■ **MATERIAL PROVIDED**
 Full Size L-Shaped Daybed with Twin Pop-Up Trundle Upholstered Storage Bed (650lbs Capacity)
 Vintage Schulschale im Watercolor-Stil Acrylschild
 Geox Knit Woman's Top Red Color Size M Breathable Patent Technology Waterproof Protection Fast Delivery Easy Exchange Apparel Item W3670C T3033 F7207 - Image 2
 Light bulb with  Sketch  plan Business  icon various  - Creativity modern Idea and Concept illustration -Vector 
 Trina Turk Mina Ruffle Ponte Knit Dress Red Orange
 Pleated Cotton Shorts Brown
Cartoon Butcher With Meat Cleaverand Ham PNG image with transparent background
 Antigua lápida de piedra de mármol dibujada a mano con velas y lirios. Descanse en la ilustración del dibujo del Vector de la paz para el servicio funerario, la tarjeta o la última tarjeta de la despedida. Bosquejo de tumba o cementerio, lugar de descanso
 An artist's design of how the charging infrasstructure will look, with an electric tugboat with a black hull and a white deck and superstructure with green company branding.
...
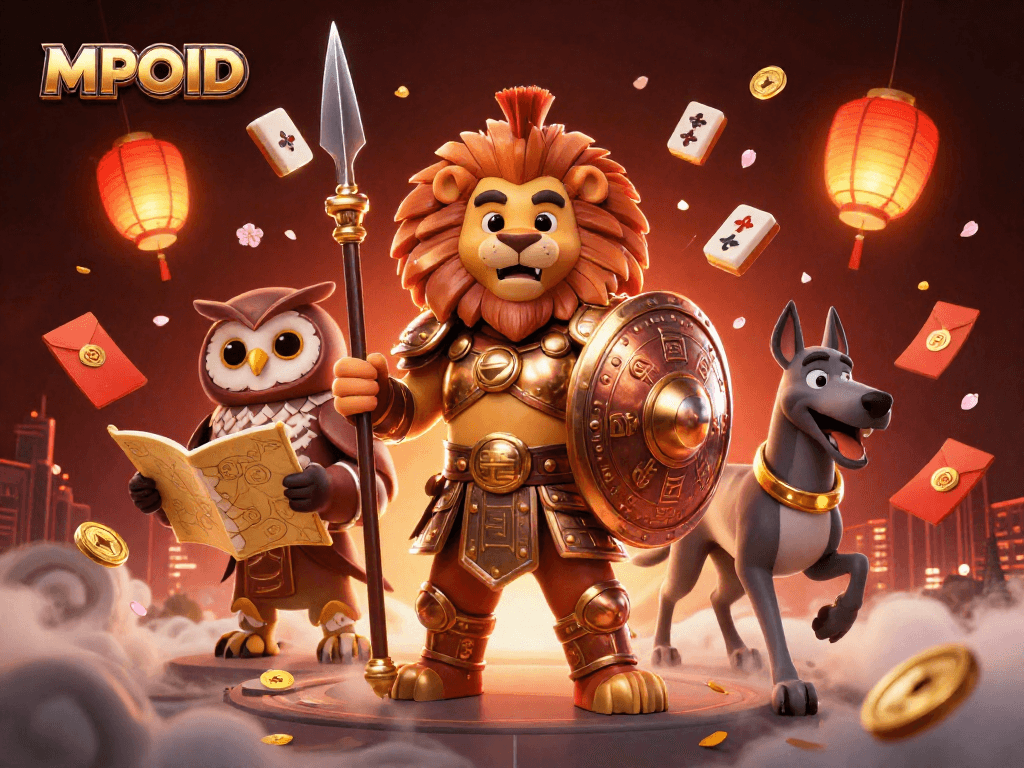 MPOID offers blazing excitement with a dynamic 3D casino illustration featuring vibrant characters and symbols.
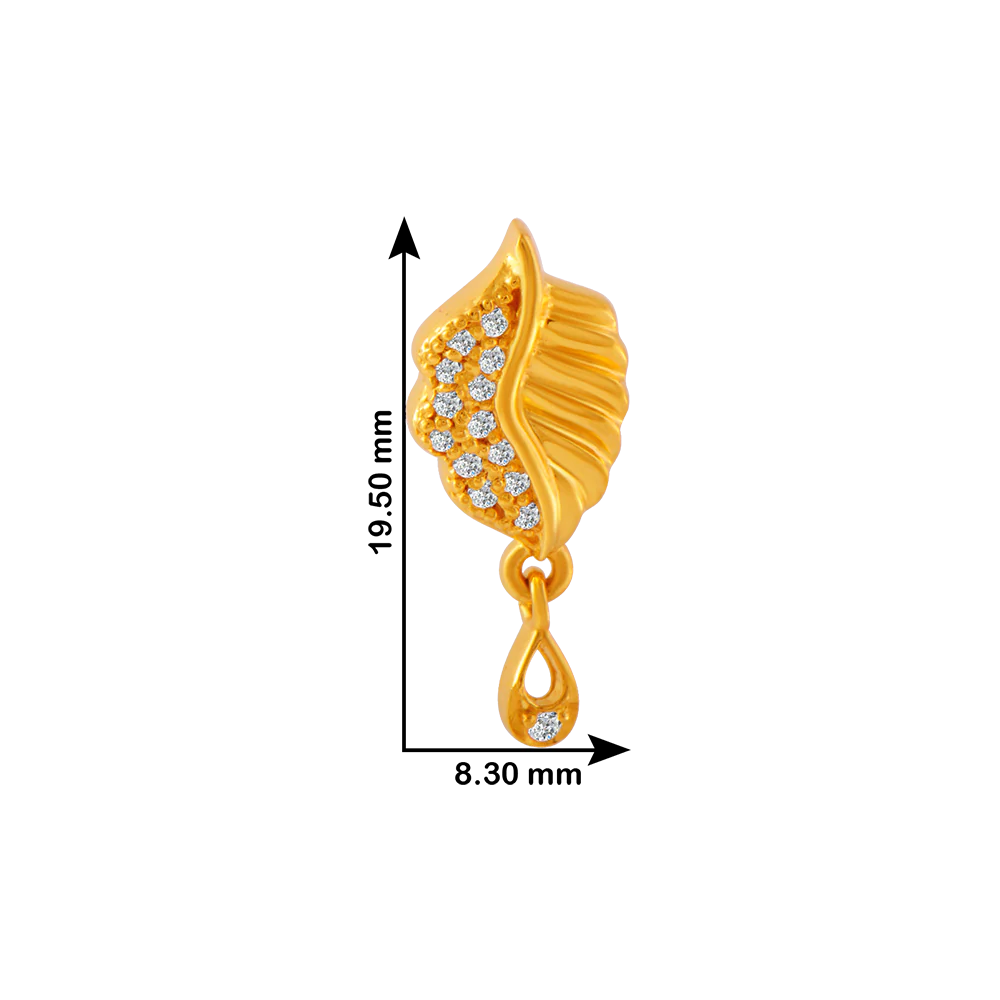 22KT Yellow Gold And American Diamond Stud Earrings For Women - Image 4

■ **WORK TASK**
All lines above from the one holding "Vintage Schulschale im" to the one holding "Cartoon Butcher With", inclusive, are to be copied exactly; no other line is wanted.

■ **ANSWER TO THE EXERCISE**
 Vintage Schulschale im Watercolor-Stil Acrylschild
 Geox Knit Woman's Top Red Color Size M Breathable Patent Technology Waterproof Protection Fast Delivery Easy Exchange Apparel Item W3670C T3033 F7207 - Image 2
 Light bulb with  Sketch  plan Business  icon various  - Creativity modern Idea and Concept illustration -Vector 
 Trina Turk Mina Ruffle Ponte Knit Dress Red Orange
 Pleated Cotton Shorts Brown
Cartoon Butcher With Meat Cleaverand Ham PNG image with transparent background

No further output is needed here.